I believe that this description is true for perhaps all religious faiths and even many, many intellectual movements. The original source (you could call it revelation) often holds and encourages much individual creativity, and in fact, strives to nurture our freedom and spirituality.
Yet, over time as faiths and movements grow and develop, it is easy for them to become more rigid and controlled. That initial entrance of the divine into our world and the wonder and awe it can draw from us, can very easily be bottled up and tamed.
One of the things I love about the Talmud (please realize that I am not Jewish, but simply have a deep affection for the tradition as I read it) is that it seems to do its best to not bottle up God's revelation, but instead to strive to find Hashem in places and situations, one would never normally look. And by keeping the dissenting opinions alive within it, the Talmud does much to allow the Divine to continue to reveal Herself through our study and exploration.
The late Rabbi Walter Wurzburger from an article in Tradition magazine volume 3.1 from 1960 adds these lovely lines about the Talmudic tradition:
Halakhic questions call for a creative approach; they can not be answered by some electronic calculator which grinds out its answers the way an electrical brain finds the solution to a complex differential equation. It is precisely this creative aspect of the halakhic process that led the sages to the remarkable statement "both these and these are the words of the living God," that at times even conflicting halakhic opinions represent, in the final analysis, legitimate elucidations of the word of God.

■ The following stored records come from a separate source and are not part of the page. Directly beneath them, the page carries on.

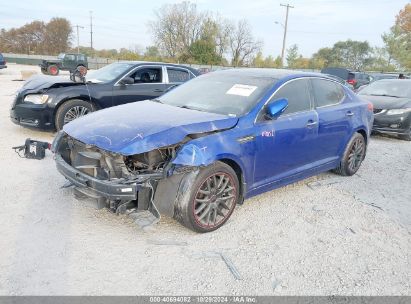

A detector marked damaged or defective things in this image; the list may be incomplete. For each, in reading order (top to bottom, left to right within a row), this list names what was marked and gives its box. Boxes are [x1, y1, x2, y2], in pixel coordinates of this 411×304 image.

damaged hood [21, 75, 81, 91]
crumpled front end [53, 131, 198, 226]
damaged hood [62, 101, 240, 156]
damaged blue sedan [53, 68, 374, 230] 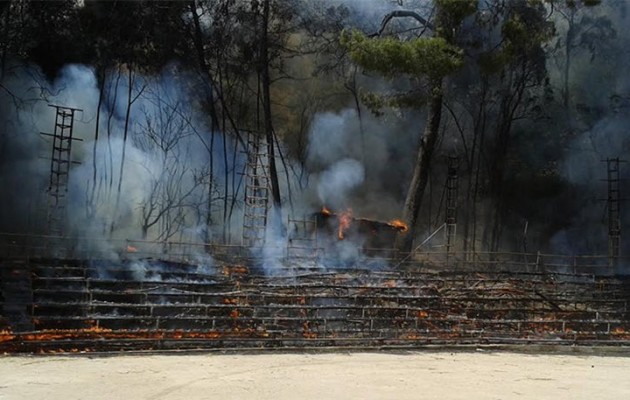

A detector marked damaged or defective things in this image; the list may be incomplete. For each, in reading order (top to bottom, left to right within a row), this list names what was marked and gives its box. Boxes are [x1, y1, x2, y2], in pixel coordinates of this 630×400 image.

burnt stage [1, 256, 630, 354] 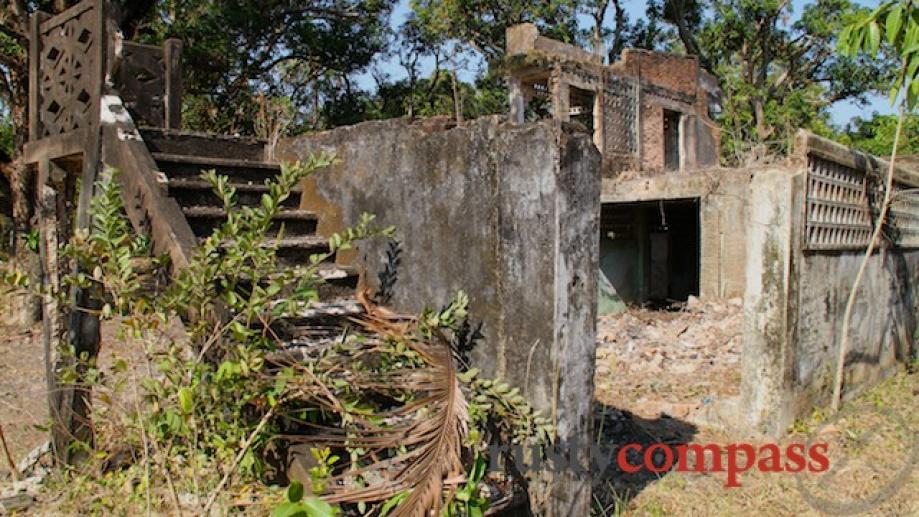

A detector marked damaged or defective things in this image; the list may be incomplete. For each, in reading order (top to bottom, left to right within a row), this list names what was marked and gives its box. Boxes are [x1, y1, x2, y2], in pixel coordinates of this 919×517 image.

broken window [660, 110, 684, 170] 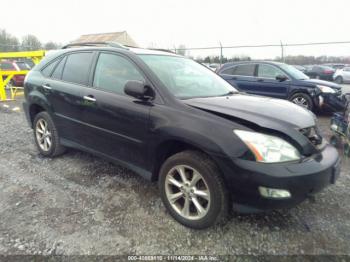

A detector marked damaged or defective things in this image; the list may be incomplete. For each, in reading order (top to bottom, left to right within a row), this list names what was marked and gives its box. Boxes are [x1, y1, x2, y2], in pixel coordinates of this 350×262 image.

damaged vehicle [23, 42, 340, 228]
damaged vehicle [217, 62, 344, 112]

The Torah "is not in Heaven"; it must be interpreted by the proper authorities [perhaps by each individual] of each generation.
When, according to the Aggadah, Rabbi Akiba found in the Torah meanings that had eluded Moses, he was not creating a new Torah. What he did was something altogether different. Reading the Torah in the light of the conditions of an entirely different age, he discovered chidushei Torah, new meanings of the Torah. Yet, in spite of their manifest novelty, there were implicitly contained in the Torah as received by Moses on Mount Sinai.
To employ the well know rabbinic simile, just as different sparks are emitted when a hammer breaks a rock into pieces, so does the word of God yields numerous meanings. And it is the function of the Halakhah scholar, employing creative halakhic processes, to unravel the specific meaning which the timeless message of Sinai holds for his own time.
Rabbi Wurzburger alludes to a number of very famous Talmudic stories that I will try to share in the next few days. His words also remind me of the stories I have heard and read about Rabbi Joseph Soloveitchik, who was one of the leading Orthodox thinkers and leaders of the 20th century.
There are innumerable stories about him that often have him present in very different lights (sometimes from the Right, sometimes from the Left and even the Center). But one thing seems clear -- he rarely decided specific individual halakhic or legal questions for people. If you came to him with a question, he would encourage you to read the texts yourself and come up with a decision. He did not want to make the decision for the person. This perspective seems to fit perfectly with his lifelong desire to encourage creativity in his students.
And it is this creativity that is so important for an individual, for a community and for an entire faith to keep alive.